On the face of it, it’s hard to argue against George Monbiot’s contention that the state is required to curb the excesses of capital, by imposing ‘legal restraints upon freedoms which interfere with other people’s freedoms – or on freedoms which conflict with justice and humanity.’ Decades of financial deregulation led to a financial crisis to which we are yet to know the full cost; the gap between rich and poor continues to grow; and governments frequently excuse regressive policies against the will of the public on the grounds of ensuring market confidence. In such times, it is understandable that Monbiot defends the role of the state as bulwark against big business, following Henri Lacondaire’s axiom that ‘between the strong and the weak, the rich and the poor, the master and the servant, it’s liberty that oppresses, and the law that liberates’.

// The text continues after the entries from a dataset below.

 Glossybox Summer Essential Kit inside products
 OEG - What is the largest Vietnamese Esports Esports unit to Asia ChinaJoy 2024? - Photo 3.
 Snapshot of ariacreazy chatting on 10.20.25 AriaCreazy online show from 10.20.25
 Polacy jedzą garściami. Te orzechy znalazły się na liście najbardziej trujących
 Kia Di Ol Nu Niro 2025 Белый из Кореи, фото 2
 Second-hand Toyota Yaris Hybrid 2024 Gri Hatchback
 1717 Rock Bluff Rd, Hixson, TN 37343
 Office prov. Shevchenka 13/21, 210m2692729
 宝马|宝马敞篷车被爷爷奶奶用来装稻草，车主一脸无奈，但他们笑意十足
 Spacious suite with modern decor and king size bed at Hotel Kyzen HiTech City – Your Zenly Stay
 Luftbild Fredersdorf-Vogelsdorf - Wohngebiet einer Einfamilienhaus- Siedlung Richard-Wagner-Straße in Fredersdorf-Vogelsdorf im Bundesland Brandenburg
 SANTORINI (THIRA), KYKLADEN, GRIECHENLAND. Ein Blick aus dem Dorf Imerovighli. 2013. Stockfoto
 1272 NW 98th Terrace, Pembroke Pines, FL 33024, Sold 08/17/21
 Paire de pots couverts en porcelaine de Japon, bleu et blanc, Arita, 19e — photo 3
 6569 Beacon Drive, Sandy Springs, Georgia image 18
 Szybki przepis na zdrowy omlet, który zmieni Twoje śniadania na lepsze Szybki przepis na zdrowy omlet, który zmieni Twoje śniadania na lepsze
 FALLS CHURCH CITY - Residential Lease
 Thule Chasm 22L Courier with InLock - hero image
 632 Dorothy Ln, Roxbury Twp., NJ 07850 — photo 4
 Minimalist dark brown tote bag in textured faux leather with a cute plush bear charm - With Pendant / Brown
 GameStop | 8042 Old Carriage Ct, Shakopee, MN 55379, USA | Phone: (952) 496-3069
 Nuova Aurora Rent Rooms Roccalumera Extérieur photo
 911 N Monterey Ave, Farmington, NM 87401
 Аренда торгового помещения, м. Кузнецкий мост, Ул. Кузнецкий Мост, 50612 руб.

But it is a mistake to portray the state as a brake on the rampages of the rich and powerful. Monbiot is right to deplore the misuse of the idea of freedom by the rich and powerful to justify their greed and tyranny. But in positing the state as protector of the poor, he lets it off the hook, when it is in fact the principle enabler of their plunder. The state gives a few crumbs with one hand and with the other wields a cattle-prod to keep the hoi polloi away from the masters’ table.

There is much talk of China’s new hybrid form of statist capitalism. This ignores the statism in our own backyard: all capitalism is impossible without massive state intervention. One man owns a million square acres and has near-absolute control over what is done to it, while a million others do not even have one acre – or they must pay rent to loan a little scrap of land, or a small portion of a building to live in. If I try to start farming on one of those million acres, I’m a trespasser, and it is the state that will punish me. There’s nothing inherently legitimate about that state of affairs; it’s not a state of nature, or even an unjust form of freedom. It is not – as in the liberal formulation – a question of balancing freedoms. One man cannot possibly farm a million acres; it is a nonsense to say that in claiming ownership of them, he is exercising his freedom. All he is doing is denying others the use of the land, except on terms that extracts most of the profit from their work; and, crucially, he couldn’t do that without the sanction of the state. It’s a state-enforced denial of freedom.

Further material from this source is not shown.